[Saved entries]
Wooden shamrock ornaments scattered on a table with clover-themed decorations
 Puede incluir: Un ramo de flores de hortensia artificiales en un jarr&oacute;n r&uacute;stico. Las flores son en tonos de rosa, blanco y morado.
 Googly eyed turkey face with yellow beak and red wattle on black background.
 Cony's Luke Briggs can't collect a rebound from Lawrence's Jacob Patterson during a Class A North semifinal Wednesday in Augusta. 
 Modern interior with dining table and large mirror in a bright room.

• TASK BRIEF: All lines from the one with "Puede incluir: Un" to the end of the records must be set down exactly. Skip every line before it.

• YOUR RESPONSE:
 Puede incluir: Un ramo de flores de hortensia artificiales en un jarr&oacute;n r&uacute;stico. Las flores son en tonos de rosa, blanco y morado.
 Googly eyed turkey face with yellow beak and red wattle on black background.
 Cony's Luke Briggs can't collect a rebound from Lawrence's Jacob Patterson during a Class A North semifinal Wednesday in Augusta. 
 Modern interior with dining table and large mirror in a bright room.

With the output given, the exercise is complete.